Le parole abitano “La voce delle sirene”, per usare il titolo d’un arguto libro di Laura Pepe, professoressa all’Università Statale di Milano su “i greci e l’arte della persuasione”, Laterza: “Secondo una celebre e fortunata espressione omerica, le parole sono alate: non tanto come gli uccelli, ma piuttosto come le frecce, che tagliano l’aria veloci per andare dritte al bersaglio e fare breccia nel cuore di chi le ascolta”.

I greci costruiscono la lingua dei filosofi e dei poeti, degli scienziati e dei grandi narratori. Fanno vivere, in parole, concetti astratti e formidabili miti che fondano civiltà di cui ancora oggi, per fortuna, portiamo il segno. E la loro sapienza ci aiuta a vivere, a progettare, a fare e a raccontare. Insiste Laura Pepe: “Da sempre i Greci sanno che la parola serve a convincere, a mostrare che cosa è vero e che cosa è giusto. Ma sanno anche che essa ha in sé una forza magica: può trasformarsi in incantesimo, capace di dominare e trascinare l’animo di chi ascolta; di ammaliare come la musica e di curare come una medicina; ma soprattutto, di ingannare e di illudere”.

Le parole sono pietre, come ci ha insegnato Carlo Levi. Ma sono pure ambigue, duttili, scivolose. Tagliano, lasciando il segno. E distraggono, sviano, tradiscono. Ulisse, che di quest’attitudine è astuto maestro, si fa legare all’albero della nave, per non cedere alla malia delle Sirene.

Le parole, insomma, sono salvifiche, divine. E pericolose. Vanno dunque usate con cautela. E con conoscenza. La parole vanno rispettate.

Ecco perché, proprio in tempi incerti e sdrucciolevoli, è necessario anche concentrarsi sulle parole. E imparare a usarle. Una questione di civiltà. E, in fin dei conti, di buon uso della Retorica, come sapevano bene Aristotele e poi Cicerone. E cioè di democrazia (ai dittatori e agli impostori, le parole libere e critiche non piacciono affatto). Una questione di responsabilità.

“Non sappiamo da dove inizi il male, se dalle parole o dalle cose, ma quando le parole si corrompono e i significati diventano incerti, anche il senso delle nostre azioni e delle nostre opere diviene insicuro. Le cose si appoggiano sui loro nomi e viceversa”, sostiene Octavio Paz, scrittore messicano, premio Nobel per la Letteratura nel 1990. E, ancora più netto: “Un paese si corrompe quando si corrompe la sua sintassi”. La sua è una lezione culturale e civile che ancora risuona.

Le parole, è vero, risentono dei cambiamenti del tempo. E la lingua è un meccanismo mobile, che si evolve, come ci hanno insegnato Antonio Gramsci, don Lorenzo Milani, Pier Paolo Pasolini e Tullio De Mauro. Ma l’evoluzione è tutt’altro che il degrado d’una lingua e la sua riduzione a stereotipi e banalità.

La lingua è un prodotto meticcio, risente di altre lingue, ne incorpora vocaboli e strutture sintattiche, costruisce così forme espressive nuove. Ha una natura open source. E contemporaneamente ha un’identità forte, radicata ma anche mobile e molteplice, come tutte le identità aperte e fertili, peraltro. Quell’identità va dunque conosciuta, studiata, seguita con accortezza. Tra la modifica e la corruzione d’una lingua, c’è differenza.

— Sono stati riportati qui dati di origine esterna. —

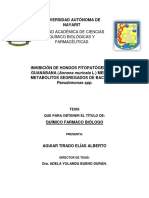 Inhibicion de Hongos Fitopatogenos de Guanabana Mediante Bacteria Pseudomonas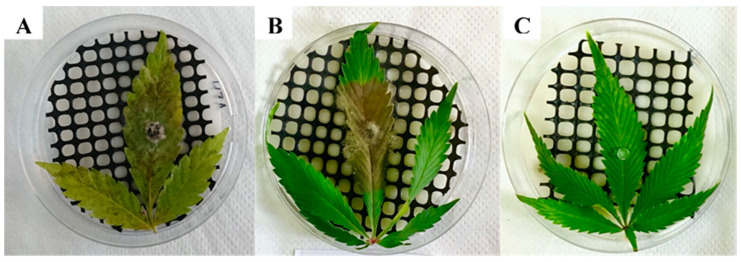 Koch postulate assays on detached MC leaves, inoculated using a PDAC plug, of (A) Alternaria alternata (isolate 22A); (B) Botrytis cinerea (isolate 63A); and (C) control leaves, inoculated with a sterile PDAC plug.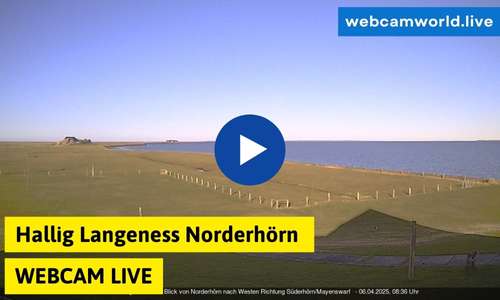 Webcam Hallig Langeness Norderhörn Live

Nell’anno del settimo centenario di Dante, rileggerlo significa vale ragionare sulla lingua (proprio lui ne era stato uno straordinario innovatore) e sulle evoluzioni, ma stando attenti a non cadere nella trappola banale degli adattamenti scarsi di senso e funzione. Meglio il racconto, d’uno storytelling. Meglio consegnare, che “deliverare”.

Mario Draghi, uomo d’esperienza e di cultura internazionale, un ottimo ed elegante uso dell’inglese, ha ammonito anche lui sull’ossessione linguistica di far finta di parlare inglese, soprattutto nei gerghi delle tecnologie digitali e dell’economia, adulterando l’italiano.

Così, vale davvero la pena provare a stare in silenzio, senza “mutarsi”. E imparare a costruire e nominare meglio i cambiamenti.